Exercise instructions:
A verbatim copy of all the data is required; the pictures should not appear in it.

--- Supplied records Enclosed Below ---

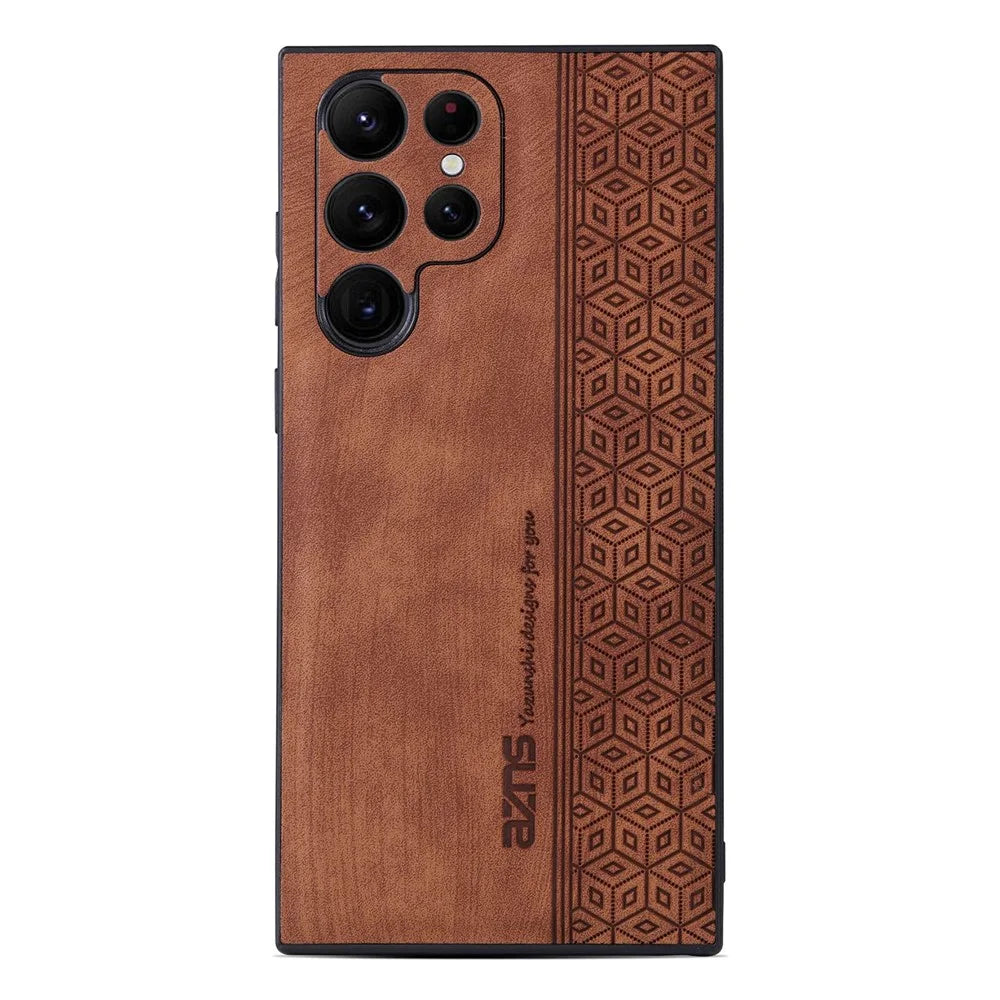 AZNS For Samsung Galaxy S22 Ultra 5G Imprinted Pattern PU Leather + TPU Case Drop-proof Cell Phone Protective Cover - Brown - 2
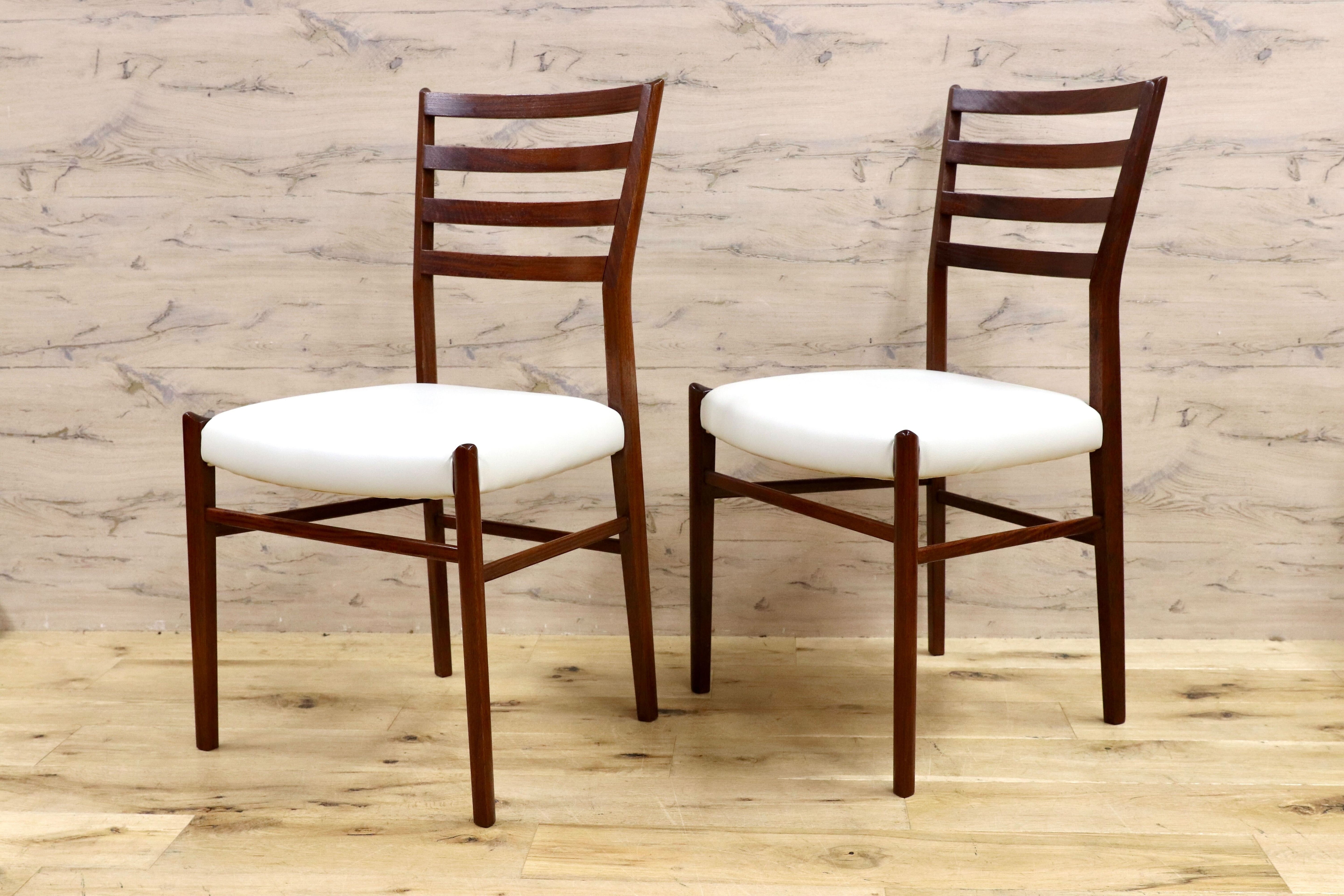 GMHN88A○karimoku / カリモク vivente ビベンテ ダイニングチェア 椅子 2脚セット 花梨無垢材 合皮 稀少 ヴィンテージ 定価約36万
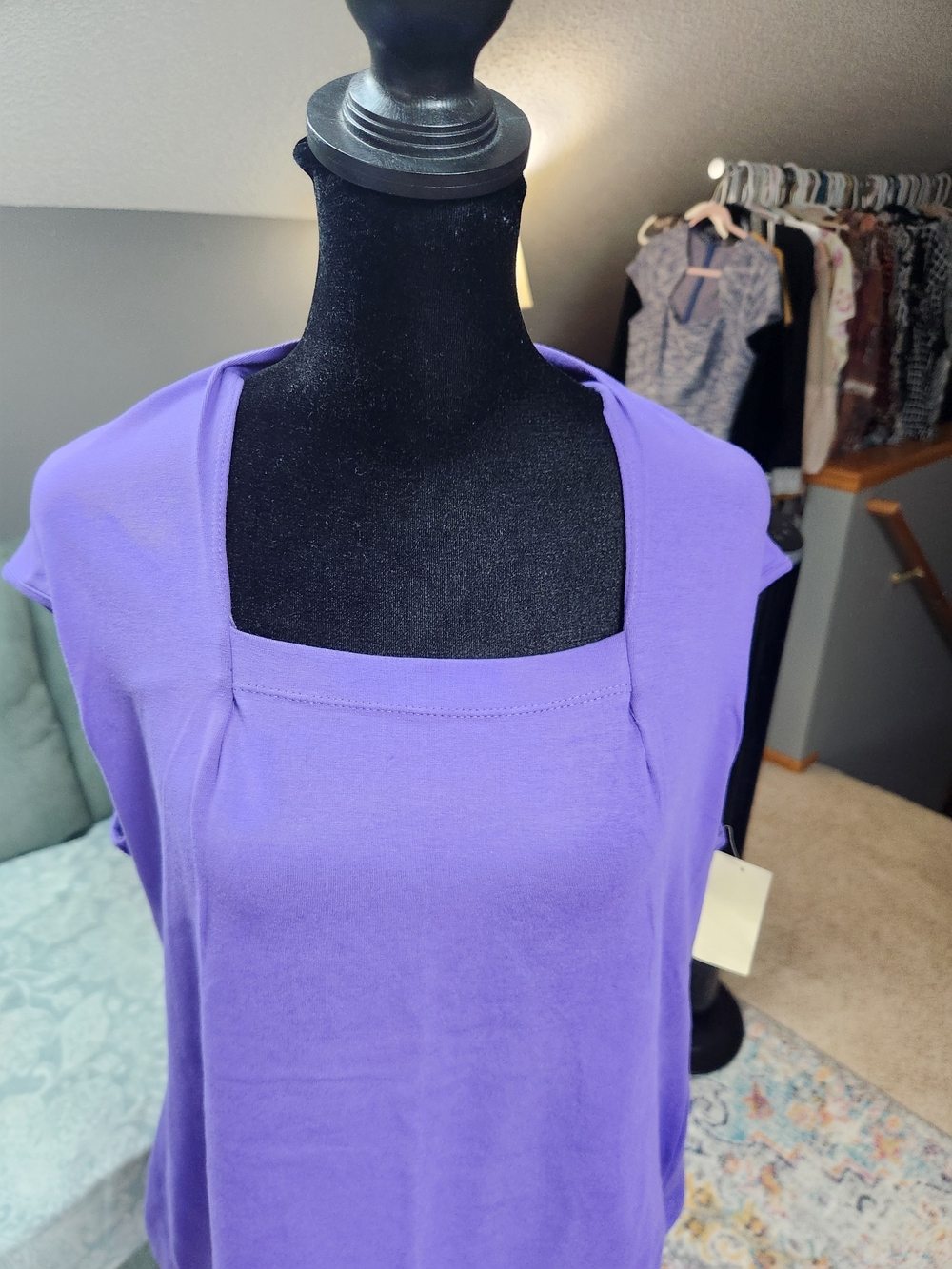 Coldwater Creek Anytime Squareneck Top Purple Large NWT - Picture 4 of 7
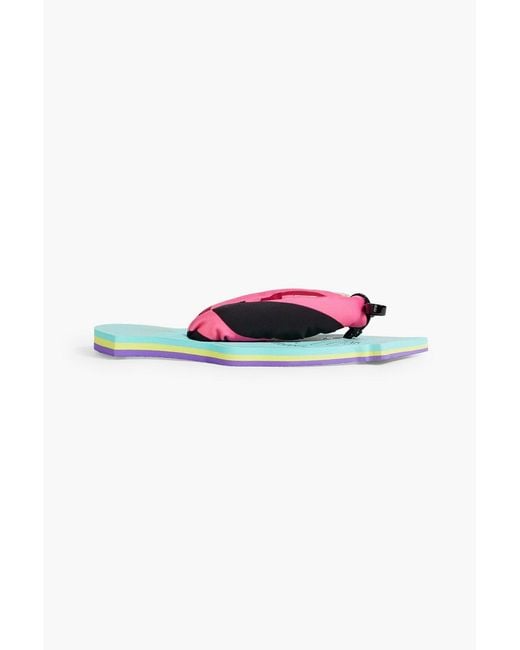 Emilio Pucci Pink Bow-Detailed Printed Twill Flip Flops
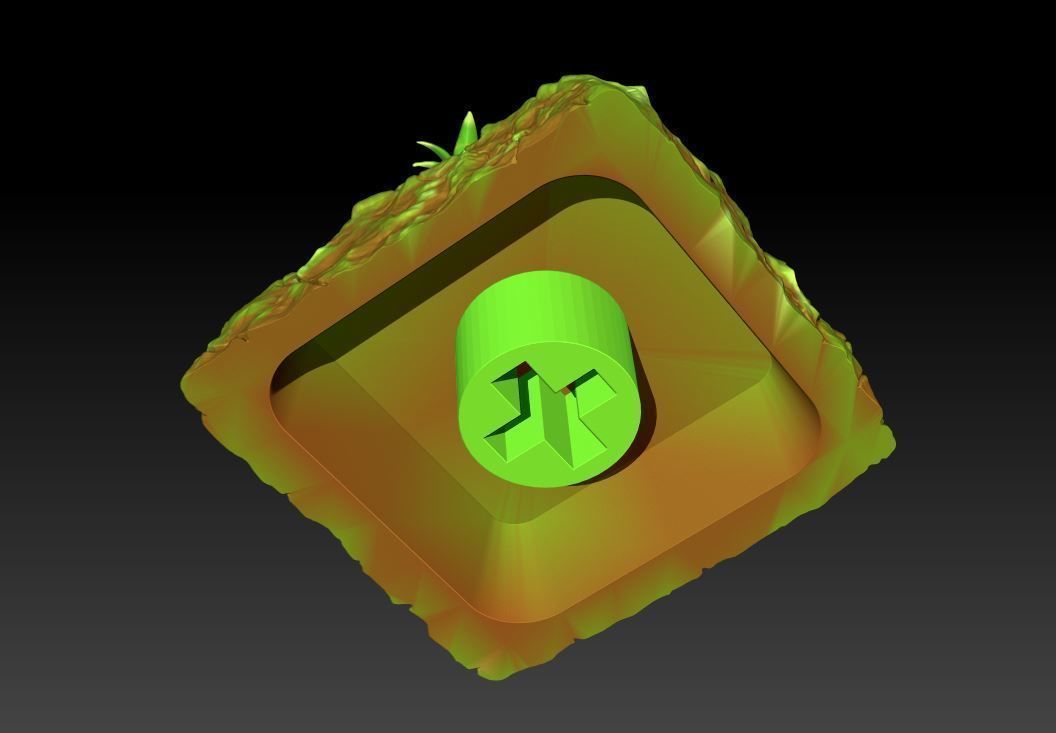 keycap artisan pokemon Treecko and Caterpie cute for keyboard 3D print model_3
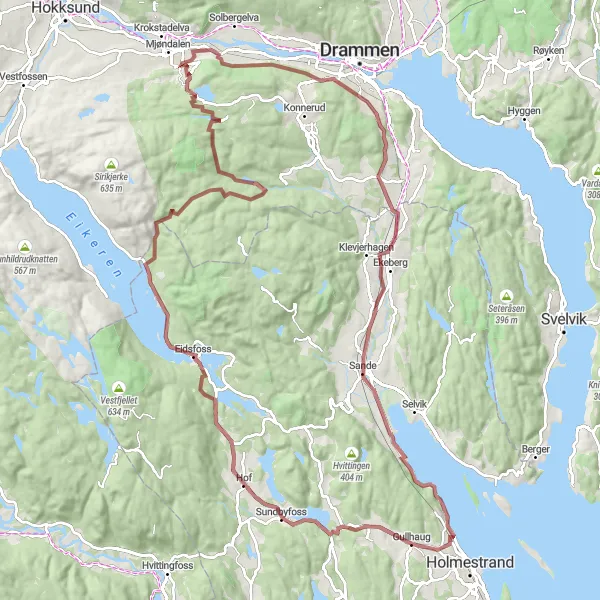 Map miniature of "The Hidden Trails" cycling inspiration in Agder og Sør-Østlandet, Norway. Generated by Tarmacs.app cycling route planner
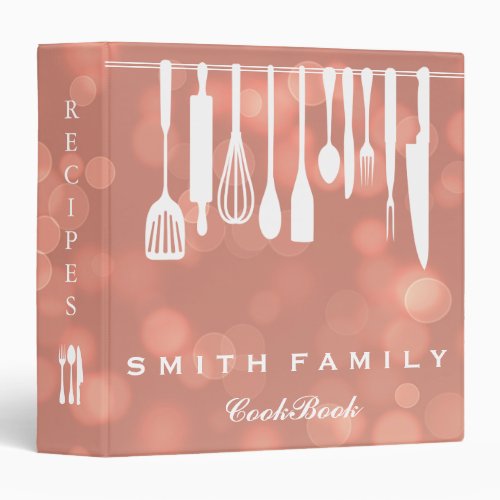 Personalized Family Recipe Cookbook 3 Ring Binder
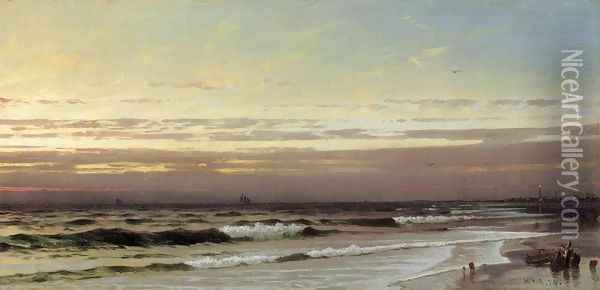 Along the Atlantic Coast Oil Painting - William Trost Richards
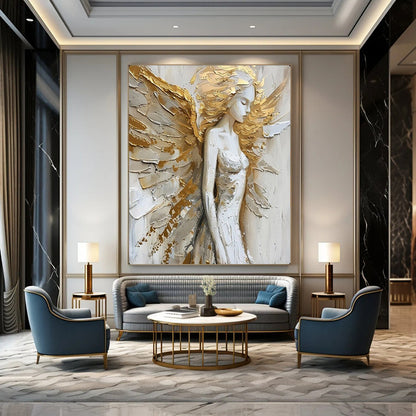 “Golden - Accented Angel Figure” – Textured Religious - Inspired Oil Painting On Canvas CT2138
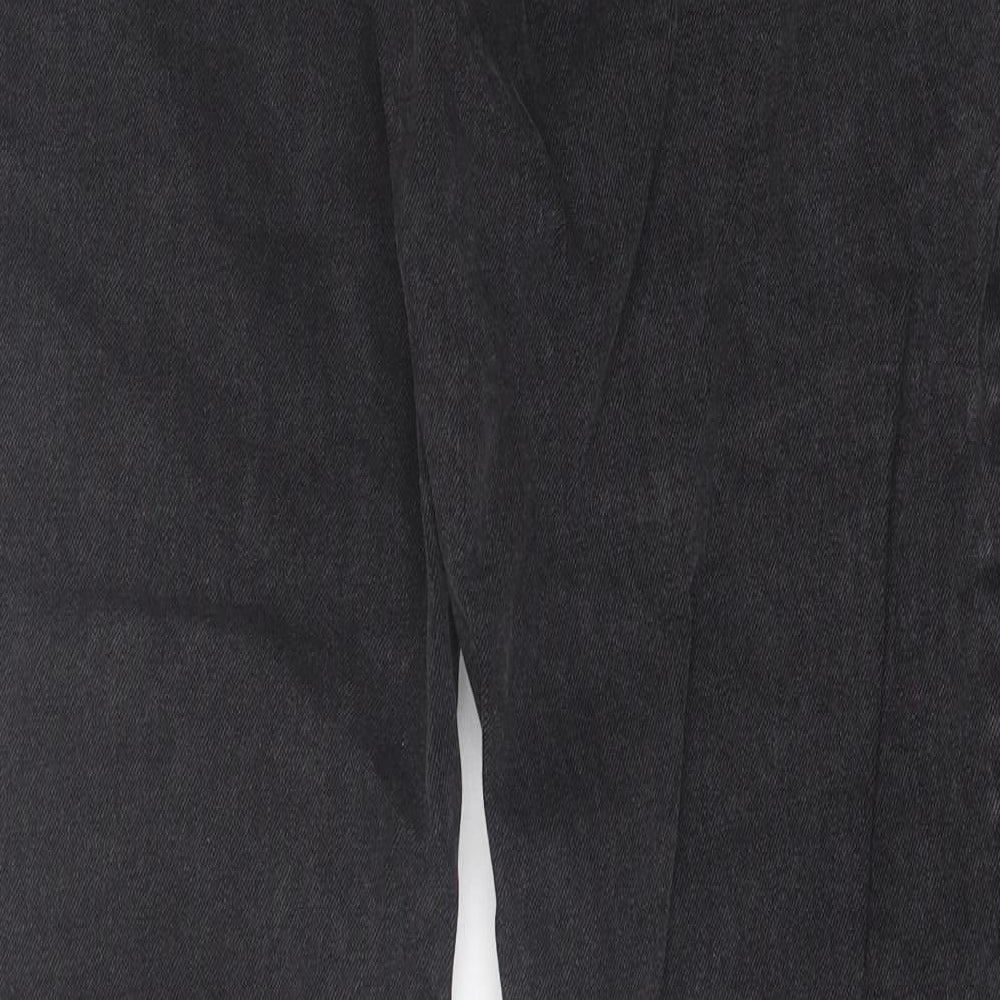 ASOS Mens Black  Cotton Straight Jeans Size 32 in L34 in Regular Button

--- End of Enclosed Supplied records ---

Finished task:
 AZNS For Samsung Galaxy S22 Ultra 5G Imprinted Pattern PU Leather + TPU Case Drop-proof Cell Phone Protective Cover - Brown - 2
 GMHN88A○karimoku / カリモク vivente ビベンテ ダイニングチェア 椅子 2脚セット 花梨無垢材 合皮 稀少 ヴィンテージ 定価約36万
 Coldwater Creek Anytime Squareneck Top Purple Large NWT - Picture 4 of 7
 Emilio Pucci Pink Bow-Detailed Printed Twill Flip Flops
 keycap artisan pokemon Treecko and Caterpie cute for keyboard 3D print model_3
 Map miniature of "The Hidden Trails" cycling inspiration in Agder og Sør-Østlandet, Norway. Generated by Tarmacs.app cycling route planner
 Personalized Family Recipe Cookbook 3 Ring Binder
 Along the Atlantic Coast Oil Painting - William Trost Richards
 “Golden - Accented Angel Figure” – Textured Religious - Inspired Oil Painting On Canvas CT2138
 ASOS Mens Black  Cotton Straight Jeans Size 32 in L34 in Regular Button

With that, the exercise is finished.